Physical Description
318 pages ; 21 cm
ISBN
9780593191095
Contents unavailable.
Review by Booklist Review

Chiarella's engrossing second novel follows And Again (2016). It's been more than 20 years since Marti Reese witnessed her sister, Maggie, get into a car and disappear forever. Maggie's absence and unknown whereabouts have defined Marti's life, causing her to implode, ruin her marriage, and turn to alcohol to cope. Marti continues to hope that Maggie is still alive and hunts for answers using her true-crime podcast. Ava Vreeland has never given up on overturning her brother's murder conviction. Noticing some coincidences between her brother's case and Maggie's, Ava reaches out to Marti, and the two begin a journey to save their loved ones, both single-mindedly driven to find answers, no matter the cost. Chiarella brilliantly blends disturbing past events and the heart-thumping present, throwing the reader into Marti's twisted and obsessive world. Marti is a sympathetic character despite her self-destructive life choices, and the plot moves steadily without revealing itself prematurely.

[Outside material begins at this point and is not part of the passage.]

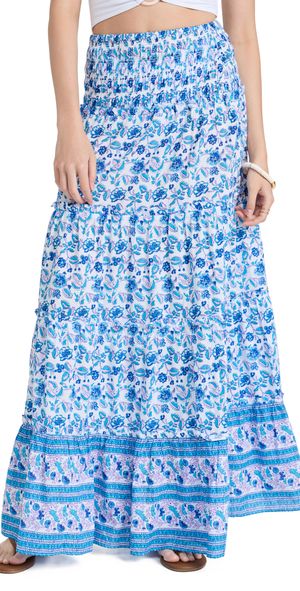 Playa Lucila Printed Ruffle Skirt Blue Multi M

Readers who expect a neat, satisfying conclusion will be disappointed--but enthralled nonetheless. Fans of Gillian Flynn and Paula Hawkins will enjoy this one.

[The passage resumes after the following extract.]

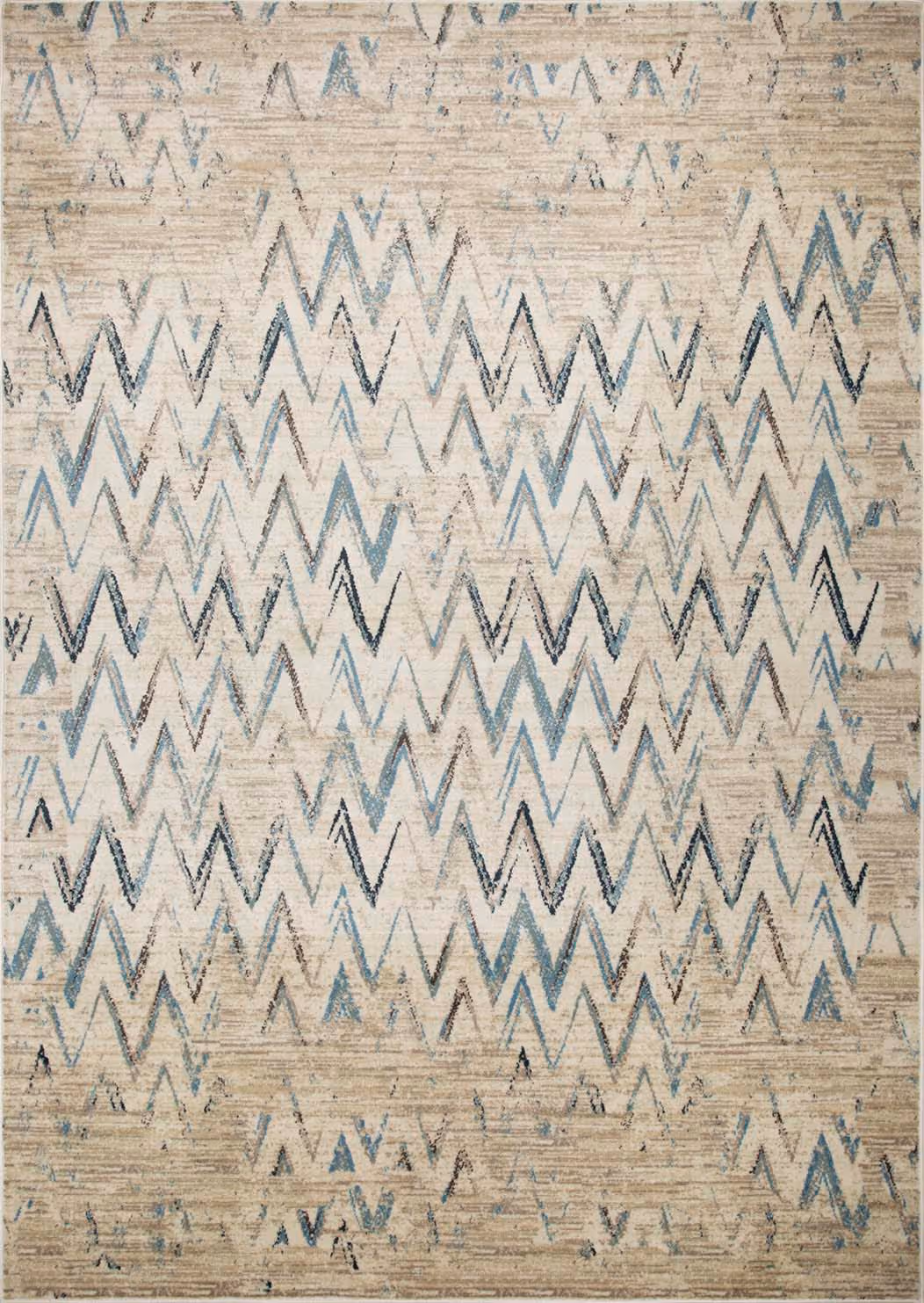 Heritage 9364 Ivory/Blue Chevron Area Rug Product Image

From Booklist, Copyright (c) American Library Association. Used with permission.
Review by Publisher's Weekly Review

For more than 20 years, Marti Reese, the narrator of this outstanding psychological thriller from Chiarella (And Again), has obsessively searched for her sister, Maggie, who disappeared from near their suburban Chicago home. Before getting into a strange car, teenage Maggie told Marti, then eight years old, to run. Marti's all-consuming quest has ruined her marriage and estranged her from her parents, but her true crime podcast documenting her search wins her awards and puts Maggie's case back in the news. It also catches the attention of ER doctor Ava Vreeland, who approaches Marti about doing a podcast involving her younger brother, Colin McCarty, who was convicted seven years earlier for killing his girlfriend, Sarah Ketchum. Marti has no interest in trying to prove Colin's innocence, but she is interested in telling Sarah's story, which has many similarities to Maggie's. Marti and Ava quickly bond, united by how they were changed by girls close to them who went missing. Surprising twists accent this poignant story about two women, each with a single-minded goal. Chiarella is a writer to watch. Agent: Richard Abate, 3 Arts Entertainment. (July)

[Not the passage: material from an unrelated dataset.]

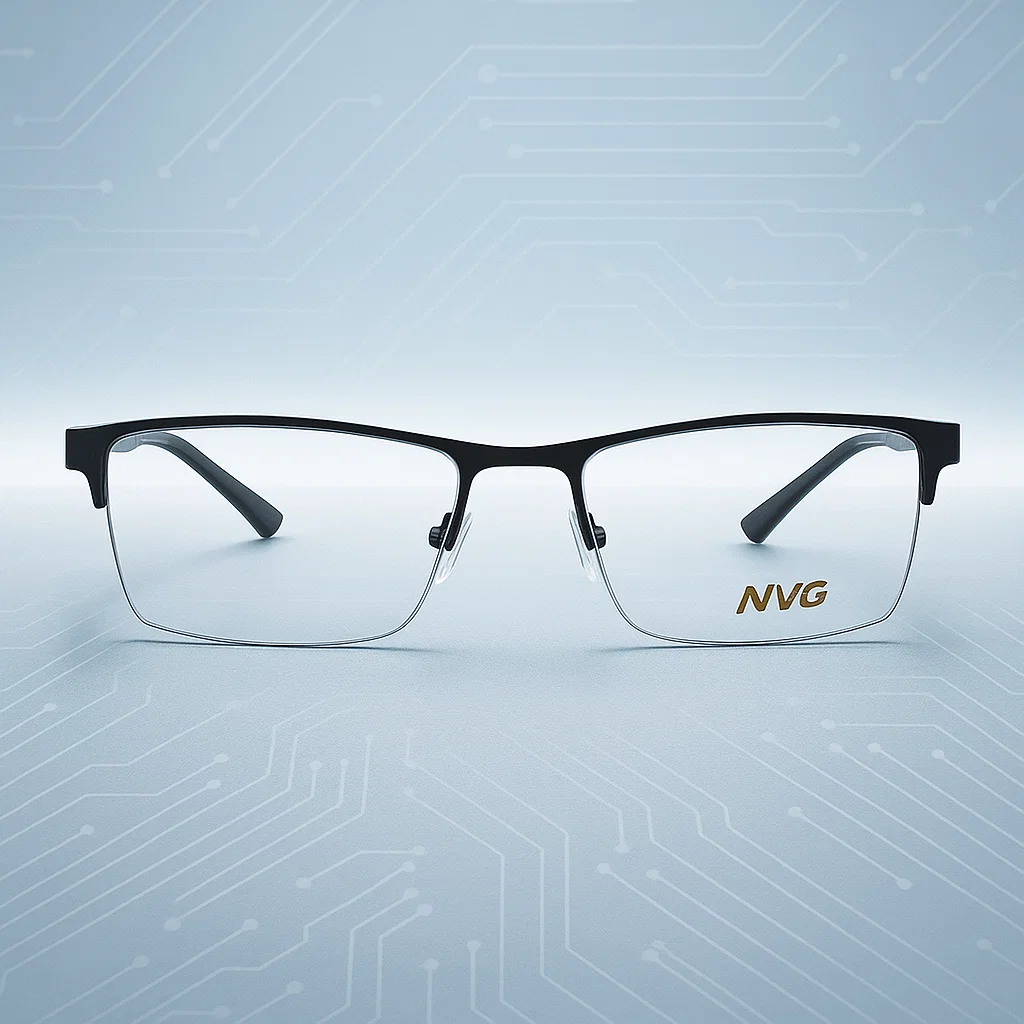 NVG Black Half Rim Rectangle Computer glass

(c) Copyright PWxyz, LLC. All rights reserved
Review by Library Journal Review

Marti Reese's life hasn't been the same since her older sister Maggie stepped into a car with a man and told eight-year-old Marti to run. Twenty years later, Marti is called to the police station to see if a Jane Doe's corpse might be Maggie. Marti has turned her pain into an award-winning podcast, but it also destroys her marriage as her drinking spins out of control. When Marti receives a message from a woman named Ava Vreeland, she and her podcasting partner grab this opportunity to investigate their next case. Ava is convinced that her brother Colin was convicted of a murder he didn't commit, and she thinks that Maggie's disappearance might hold the key to the crime. According to Ava, the Reese sisters grew up in the same neighborhood as Colin's alleged victim. Marti launches an investigation, feeling that she's spent her entire adult life chasing after lost girls who never got the chance to grow up. There's a master manipulator out there who knows every one of Marti's secrets and uses them to free a killer, but they don't count on Marti's survival instincts. VERDICT Readers who enjoy true crime, especially podcasts, as well as thrillers featuring unreliable narrators, will appreciate Chiarella's (And Again) haunting story of lost girls, lost women, and revenge.--Lesa Holstine, Evansville Vanderburgh P.L., IN

(c) Copyright Library Journals LLC, a wholly owned subsidiary of Media Source, Inc. No redistribution permitted.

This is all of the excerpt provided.